INJURY OF NERVES
Nerves are the transmission systems that transmit signals incoming from the brain to various parts of the body and vice versa. Nerves are made up of thousands of fibers, which progress in cables coiled in protective sheat as groups inside the nerves. The system that bears the cabled transmission is surrounded by a protective insulant.
There are two types of nerves as motor nerves that function to transmit signals from brain to muscles and control the movements, and sensory nerves that function to transmit pain, pressure, temperature and such sensations from various parts of the body.
Nerves can be damaged due to compression, pressure and cut-off. In case of stretching and pressure injuries, the structure of the protective layer surrounding the nerve is not interrupted, yet the transmission system breaks down due to fibers damages, hence the nervous system fails to function. In case of cut-off, not only the nerve fibers but also the surrounding protective layer is damaged. After damages, transmissions cannot be conveyed from brain to the muscles, hence they become dysfunctional or sensory transmissions received from different parts of the body cannot be transmitted to the brain.
Once the nerve fibers are damaged, the structure of the surrounding protective layer subsists. Part of the damaged nerve fibers up to upper transmission station die away and melt down, leaving the protective layer in the form of hollow tubes. Recovery period begins in a while. If the protective sheat is not damaged or the sheat is repaired, fibers continue to grow through the innards of hollow tubes and recovers up to the receptors of motor or sensory nerves. Nerves are the tissues that heal the most slowly in our body. If the protective sheat structure is not repaired, nerve endings that undergo a recovery period and grow on cannot find their way, hence cysts called neuroma are formed at the nerve ending. These cysts form painful electric signals when pressed on them.
If the nerves are fully cut, both nerve endings are identified for treatment and the surrounding protective sheat is repaired by way of thinnest stitches as possible (Fig. 1). Objective of the treatment is to ensure sustainability of the surrounding sheat structure and to enable the nerve fibers, which are now in a healing process, find their way up to the final transmission points. Nerve sheats should be treated carefully with the thinnest stitches as much as possible by way of microsurgery methods to avoid excessive scar tissue and pressure in the nerve healing area. Nerves thin down particularly on hand and finger levels and progress adjacent to vascular structures in general. When a damaged nerve is identified, the vascular damages are often identified in parallel.
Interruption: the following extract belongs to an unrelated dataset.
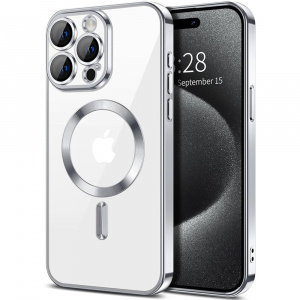 Husa pentru iPhone 15 Pro Max - Techsuit Luxury Crystal MagSafe - Silver - Img 1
As very thin stitches are used, a 3-week plaster treatment is applied to protect the repaired area.
Nerve sheats are intended to be sewn back to their original place with the help of vascular structures upon nerves; however, hollow tubes do not often find their original place no matter how original the stitches are in terms of surgery. It is not possible for millions of fibrils to find their original place.
If the injury is very contaminated and is to be left open, nerves may not be sewn in the first surgical operation. In case of nervous defects, a nerve graft often collected from the leg is inserted in between to enable nervous sustainability.
It takes 3 to 4 weeks for nerve fiber to grow up against following the repairs. Fibrils usually progress 1 mm on average within the nerve tubes depending on the age of the patient, type of injury, smoking etc. For this purpose, sensory recovery may take up to 1 or 2 months and 6 or 8 months depending on the proximity of the injury to the target. During this time, the patient should be careful about finger tip injuries while touching warm objects and working. Activity of the muscles stimulated by the nerves should not be lost during the expected nerve recovery.